Planteado el fondo, entonces ¿cómo acordar algo en común desde el dialogo ciudadano, de uno que reúna la condición de ser racional, pero que no desecha los afectos, sentimientos, culpas y responsabilidades en la historia de injusticia, pero también en campos en donde la justicia si se reconoce presente? Sabido que el diálogo constituyente es algo inédito. Por cierto, lo plausible del diálogo es evidente al menos en proyecto; situación que lleva a poner especial atención a lo que interesa como comunidad y como personas. Pero no siempre sucede aquello; a veces el habitad es ajeno a lo pretendido como lugar de acogida. Esta circunstancia habla de la existencia de realidades deshumanizadoras que golpean exigiendo a la conciencia respuestas.
Más allá de la eventualidad de lo negativo descubierto en un ambiente marcado por sesgos de intolerancia que trazan el paisaje cotidiano, creo que persiste la intención de realizar obras que legitiman actos que de ahí adquieren su legitimidad y justicia —la intolerancia esta de hecho; la intolerancia es de suyo innegable, copa el dialogo socio político, incluso en ocasiones se viste de pretendido humor que la pantalla trata de instalar al ironizar incluso sobre el dolor humano a causa del atropello a la dignidad de la persona—.
Probable entender que el marco constitucional no sea la respuesta final esperada, sino más un medio o punto de orientación no solo respecto de lo que interpretamos de la realidad, sino además —y quizá aquí radique la riqueza de la discusión que tenemos que tener como sociedad— el factor que mueve la voluntad creadora. En este campo entran los juegos de creencia, ya que en ellos hallamos el enganche vital que se traduce efectivamente en una comunidad, vale decir: realidad de base conformada por condiciones materiales y espirituales comunes que ya tienen tiempo enraizadas.

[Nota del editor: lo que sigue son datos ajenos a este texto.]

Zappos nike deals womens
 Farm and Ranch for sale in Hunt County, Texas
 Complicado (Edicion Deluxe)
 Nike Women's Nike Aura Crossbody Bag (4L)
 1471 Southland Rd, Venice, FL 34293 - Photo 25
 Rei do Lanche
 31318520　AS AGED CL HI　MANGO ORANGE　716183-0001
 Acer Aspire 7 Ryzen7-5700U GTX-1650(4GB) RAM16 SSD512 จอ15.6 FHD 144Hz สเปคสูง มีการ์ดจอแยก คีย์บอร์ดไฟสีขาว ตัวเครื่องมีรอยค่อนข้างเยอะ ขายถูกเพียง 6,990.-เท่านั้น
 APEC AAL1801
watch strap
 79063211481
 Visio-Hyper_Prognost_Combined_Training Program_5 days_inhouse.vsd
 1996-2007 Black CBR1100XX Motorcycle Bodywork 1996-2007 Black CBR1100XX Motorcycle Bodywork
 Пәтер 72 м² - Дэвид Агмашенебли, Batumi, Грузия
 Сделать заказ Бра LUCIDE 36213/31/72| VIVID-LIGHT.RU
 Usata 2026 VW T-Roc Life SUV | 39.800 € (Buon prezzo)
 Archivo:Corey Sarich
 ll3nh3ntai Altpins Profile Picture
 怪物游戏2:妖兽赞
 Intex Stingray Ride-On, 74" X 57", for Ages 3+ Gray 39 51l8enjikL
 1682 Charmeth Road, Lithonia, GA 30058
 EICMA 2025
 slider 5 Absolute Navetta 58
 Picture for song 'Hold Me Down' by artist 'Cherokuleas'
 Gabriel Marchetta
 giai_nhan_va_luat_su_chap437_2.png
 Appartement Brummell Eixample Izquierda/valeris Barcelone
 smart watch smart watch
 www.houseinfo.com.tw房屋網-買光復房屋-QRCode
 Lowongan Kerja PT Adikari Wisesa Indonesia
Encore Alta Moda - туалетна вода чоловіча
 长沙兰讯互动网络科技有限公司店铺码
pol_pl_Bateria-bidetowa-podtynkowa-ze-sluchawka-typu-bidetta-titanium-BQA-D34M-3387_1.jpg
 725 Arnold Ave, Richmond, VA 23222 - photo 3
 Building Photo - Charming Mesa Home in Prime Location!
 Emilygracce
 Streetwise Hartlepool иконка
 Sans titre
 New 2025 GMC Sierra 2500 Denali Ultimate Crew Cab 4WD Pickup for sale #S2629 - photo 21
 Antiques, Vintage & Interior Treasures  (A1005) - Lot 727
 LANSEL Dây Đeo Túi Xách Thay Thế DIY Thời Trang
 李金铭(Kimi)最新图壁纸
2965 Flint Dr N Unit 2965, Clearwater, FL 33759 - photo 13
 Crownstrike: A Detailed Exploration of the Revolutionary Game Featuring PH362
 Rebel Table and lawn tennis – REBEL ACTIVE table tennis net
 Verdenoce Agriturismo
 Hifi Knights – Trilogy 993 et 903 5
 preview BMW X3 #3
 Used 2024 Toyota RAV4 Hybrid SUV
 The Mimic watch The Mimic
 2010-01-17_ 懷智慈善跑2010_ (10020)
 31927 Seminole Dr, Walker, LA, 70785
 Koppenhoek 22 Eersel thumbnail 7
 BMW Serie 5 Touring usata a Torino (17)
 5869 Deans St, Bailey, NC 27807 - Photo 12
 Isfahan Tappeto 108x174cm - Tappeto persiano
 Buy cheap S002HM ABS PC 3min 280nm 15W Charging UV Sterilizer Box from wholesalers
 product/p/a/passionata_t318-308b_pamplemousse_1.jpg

Cierto que la comprensión de la creencia, previo eso si su aprendizaje, precisa de depuraciones, tracciones, discusiones en sentido claro que logran sostener lo que con el tiempo será aquello que construye nuestras justificaciones, aquel querido campo de legitimidad. En principio la interpretación del juego de creencias, claramente traducida en cosmovisiones particulares, y que no necesariamente —entiendo— es una en un territorio, sino varias conviviendo ahí, no son apreciadas por la razón sino más por los sentimientos, por tanto, tensionan los sentidos. No escapamos de aquella derivación de los sentidos. De suyo, ocurre un ir y venir de estos que nos hace estar siempre resignificando el pasado, obviando con ello el olvido, manteniendo la memoria viva; en palabras sencillas: estamos siempre buscando la sintonía entre aquello y lo mío y en distinguir entre lo semejante y lo diferente en un territorio que, a pesar de algunas negaciones, existe en pugna ya que se confrontan modos de nación, formas de poder, Estado, orientaciones, etc.
Frente a una singular existencia que siempre está en tensión en un territorio como el nuestro, no hay otra opción que hacerse cargo de un proceso que podríamos calificar como de fusión de horizontes. Ahí, para muchos y muchas se encuentra la explicación que su propio acontecer es uno en busca de sentido, pues reflota a cada momento que se pone cuestión la vida misma.
Se trata, en fin, de comprender que el acontecimiento que viviremos —mi excusa: vivimos— traduce una existencia, traduce un trasfondo psicológico ineludible que surge del deseo de un colectivo que muchas veces ha sido anulado, ocultado de manera arbitraria. Lo anterior se explica desde las relaciones de poder que han venido operando desde las dimensiones políticas, económicas y sociales, y que defienden intenciones de querer tapar las demandas anidadas en la memoria colectiva de los hijos e hijas de la desfortuna, creando realidades que se alejan de las verdades latentes, creando mantos que obstaculizan la mirada y tornan demasiado complejo tener una clara mirada a los acontecimientos.